# TASK OBJECTIVE
What you return must match the listing below exactly, minus any pictures.
*** DATA BLOCK Section Begins ***
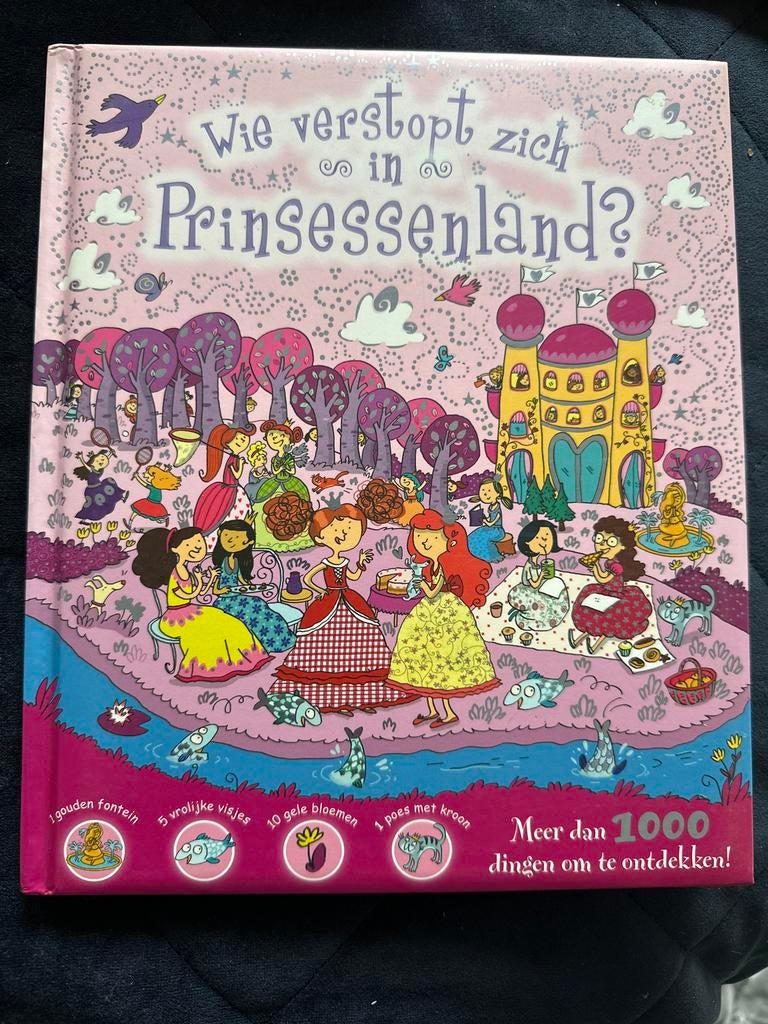 Wie verstopt zich in Prinsessenland? Zoekboek, Boeken, Ophalen of Verzenden, Zo goed als nieuw, Sprookjes
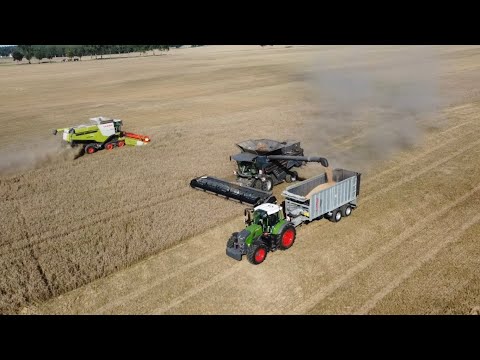 CLAAS LEXION 760 TT VS FENDT IDEAL 8 | ŻNIWA 2025 | AGRO-TEAM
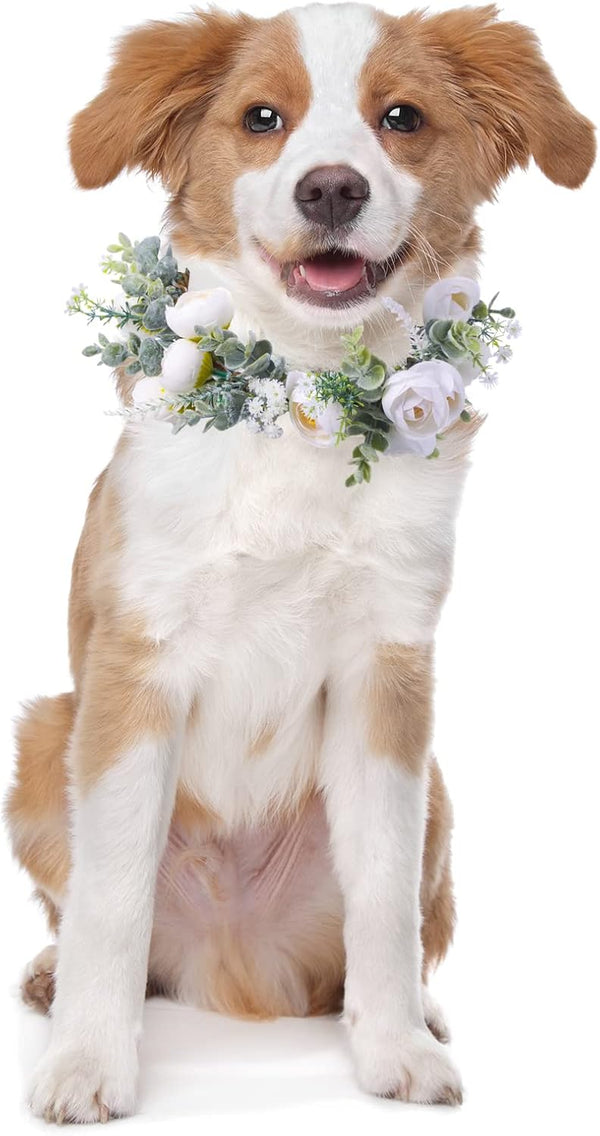 Dog Wedding Attire Flower Collar Wreath Bow for Pets, Cats and Dogs, Wedding Photo Prop (White, Fresh, Large)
*** DATA BLOCK Section Ends ***
# REPLY TO THE EXERCISE
 Wie verstopt zich in Prinsessenland? Zoekboek, Boeken, Ophalen of Verzenden, Zo goed als nieuw, Sprookjes
 CLAAS LEXION 760 TT VS FENDT IDEAL 8 | ŻNIWA 2025 | AGRO-TEAM
 Dog Wedding Attire Flower Collar Wreath Bow for Pets, Cats and Dogs, Wedding Photo Prop (White, Fresh, Large)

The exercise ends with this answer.